═══ EXERCISE MATERIALS ═══
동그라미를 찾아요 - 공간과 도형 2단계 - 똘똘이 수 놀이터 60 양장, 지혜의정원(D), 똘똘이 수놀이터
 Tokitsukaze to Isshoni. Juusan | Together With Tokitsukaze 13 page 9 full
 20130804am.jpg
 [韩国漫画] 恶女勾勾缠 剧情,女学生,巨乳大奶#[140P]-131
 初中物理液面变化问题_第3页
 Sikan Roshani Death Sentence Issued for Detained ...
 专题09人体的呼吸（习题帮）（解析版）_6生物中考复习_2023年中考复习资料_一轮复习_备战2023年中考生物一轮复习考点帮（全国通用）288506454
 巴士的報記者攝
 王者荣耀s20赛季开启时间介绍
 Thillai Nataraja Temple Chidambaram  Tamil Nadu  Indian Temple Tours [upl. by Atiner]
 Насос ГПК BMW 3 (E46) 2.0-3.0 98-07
═══
WORK TO BE COMPLETED - Everything in the listing must be returned word for word.

SOLUTION TO THE PROBLEM -
동그라미를 찾아요 - 공간과 도형 2단계 - 똘똘이 수 놀이터 60 양장, 지혜의정원(D), 똘똘이 수놀이터
 Tokitsukaze to Isshoni. Juusan | Together With Tokitsukaze 13 page 9 full
 20130804am.jpg
 [韩国漫画] 恶女勾勾缠 剧情,女学生,巨乳大奶#[140P]-131
 初中物理液面变化问题_第3页
 Sikan Roshani Death Sentence Issued for Detained ...
 专题09人体的呼吸（习题帮）（解析版）_6生物中考复习_2023年中考复习资料_一轮复习_备战2023年中考生物一轮复习考点帮（全国通用）288506454
 巴士的報記者攝
 王者荣耀s20赛季开启时间介绍
 Thillai Nataraja Temple Chidambaram  Tamil Nadu  Indian Temple Tours [upl. by Atiner]
 Насос ГПК BMW 3 (E46) 2.0-3.0 98-07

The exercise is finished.